Marko Nicovic, a board member of the International Narcotic Enforcement Officers Association, told the Montenegrin newspaper "Vjesti" in November 2010 that Saric was able to operate in South America and Italy because of an agreement between South American, Italian, and Russian organized-crime groups. "That's the reason they let Saric do business on their territory," Nicovic was quoted as saying.
Saric, 41, was born in the Montenegrin town of Pljevlja. He was first convicted of a crime as a 16-year-old in 1988. Court records in Pljevlja show that he was subsequently sentenced there six times on various charges including embezzlement and the illegal possession of weapons and explosives.
He began larger-scale criminal activity during the period following the fall of former Yugoslav strongman Slobodan Milosevic in 2000. His gang allegedly laundered its illegal drug profits by participating in the privatization of Serbian and Montenegrin assets, as well as by purchasing bars, apartments, villas, and land.
He was granted Serbian citizenship in 2005 and, according to Serbian law enforcement, moved his base of operations to Serbia around that time. Serbian Interior Ministry official Vladimir Bozovic said earlier this month that the decision to give Saric citizenship -- which was made when under the administration of former President Boris Tadic -- is currently under investigation. He added that any official found to be protecting "a narco-boss" would be arrested.
Rubbing Shoulders With The Elite
Belgrade's Center for Investigative Journalism (CIN) recently reported that Saric and his brother, Dusko, controlled a fashionable Belgrade nightclub at least from 2006 to 2007. The nightclub, called Vanilla, is located in the building that houses the headquarters of the Socialist Party of Serbia, Prime Minister Dacic's party.
According to CIN journalist Stevan Dojcinic, the Saric brothers hung out in the club with much of the Serbian elite. "Celebrities were always going there -- [Serbian businessman and politician Bogoljub] Karic's children, the family of [billionaire businessman Miroslav] Miskovic, politicians," he says. "It was a kind of mainstream, political, and jet-set establishment."
In October 2010, Darko Saric's brother, Dusko, was arrested in Montenegro. In May, he was sentenced to eight years in prison on money-laundering charges.

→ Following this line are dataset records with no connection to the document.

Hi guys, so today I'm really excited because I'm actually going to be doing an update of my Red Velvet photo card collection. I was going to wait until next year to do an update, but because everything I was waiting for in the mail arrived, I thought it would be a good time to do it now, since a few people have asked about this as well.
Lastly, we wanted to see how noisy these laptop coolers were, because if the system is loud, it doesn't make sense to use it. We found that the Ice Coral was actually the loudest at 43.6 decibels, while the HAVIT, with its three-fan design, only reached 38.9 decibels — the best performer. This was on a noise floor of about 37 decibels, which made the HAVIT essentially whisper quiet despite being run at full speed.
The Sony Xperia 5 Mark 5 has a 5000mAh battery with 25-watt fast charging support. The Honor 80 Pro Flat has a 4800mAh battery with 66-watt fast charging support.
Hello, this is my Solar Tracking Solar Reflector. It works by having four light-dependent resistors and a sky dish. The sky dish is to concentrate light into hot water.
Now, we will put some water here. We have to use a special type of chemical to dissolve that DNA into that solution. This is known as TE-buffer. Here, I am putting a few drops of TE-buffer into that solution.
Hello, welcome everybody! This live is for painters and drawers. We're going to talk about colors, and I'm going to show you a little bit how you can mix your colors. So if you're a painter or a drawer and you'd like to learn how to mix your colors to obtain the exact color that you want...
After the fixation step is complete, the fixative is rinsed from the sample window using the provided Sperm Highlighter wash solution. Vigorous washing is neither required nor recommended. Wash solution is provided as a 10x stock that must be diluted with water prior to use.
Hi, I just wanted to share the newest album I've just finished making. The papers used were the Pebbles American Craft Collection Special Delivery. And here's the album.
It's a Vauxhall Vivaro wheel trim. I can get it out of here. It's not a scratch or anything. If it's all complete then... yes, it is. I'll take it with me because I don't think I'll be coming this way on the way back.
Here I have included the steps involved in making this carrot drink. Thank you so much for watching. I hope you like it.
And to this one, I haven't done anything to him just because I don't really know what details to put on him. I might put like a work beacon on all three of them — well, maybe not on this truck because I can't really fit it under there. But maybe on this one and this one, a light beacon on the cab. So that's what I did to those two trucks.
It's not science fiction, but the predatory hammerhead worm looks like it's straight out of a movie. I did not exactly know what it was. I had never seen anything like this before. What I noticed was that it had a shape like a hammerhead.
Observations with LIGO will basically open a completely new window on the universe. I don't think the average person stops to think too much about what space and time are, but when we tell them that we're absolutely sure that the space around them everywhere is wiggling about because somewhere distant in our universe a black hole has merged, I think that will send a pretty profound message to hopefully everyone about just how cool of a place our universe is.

Over the last two years or so there have been media reports that Darko Saric has been living in South Africa, possibly under the name Bur Jan van Husel. In December 2012, information surfaced that he might have relocated to Switzerland.
The possibility that Saric might soon be arrested has sparked speculation in Serbia about whether any leading politicians have been protecting him. Prime Minister Dacic bristled when asked about the possibility that Saric had contact with anyone in his government.
"Either someone really spoke to Saric or no one did," he said. "Either you did or you didn't. There is no middle option here. If anyone did -- tell me who it is. Give me his name and surname and he will be arrested immediately -- today."
CIN investigative journalist Dojcinic recalls the investigation into the Djindjic assassination and is pessimistic that even Saric's arrest will bring clarity about his possible protectors in political circles.
"These are simply cases of limited investigation," he says. "Just like when we only managed to get the organizers of Djindjic's assassination, but to this day we still don't know exactly who gave it political support. In Saric's case we've done a good job of identifying the structure of the group and uncovering money-laundering mechanisms.
"But in Saric's case, too, we don't know what happened in the political background. It is basically impossible that such an organized criminal group functioned without any support from state institutions. This question remains unanswered, and if this case follows the example of previous cases I am afraid it will stay this way and we will never get deeply into the political sphere."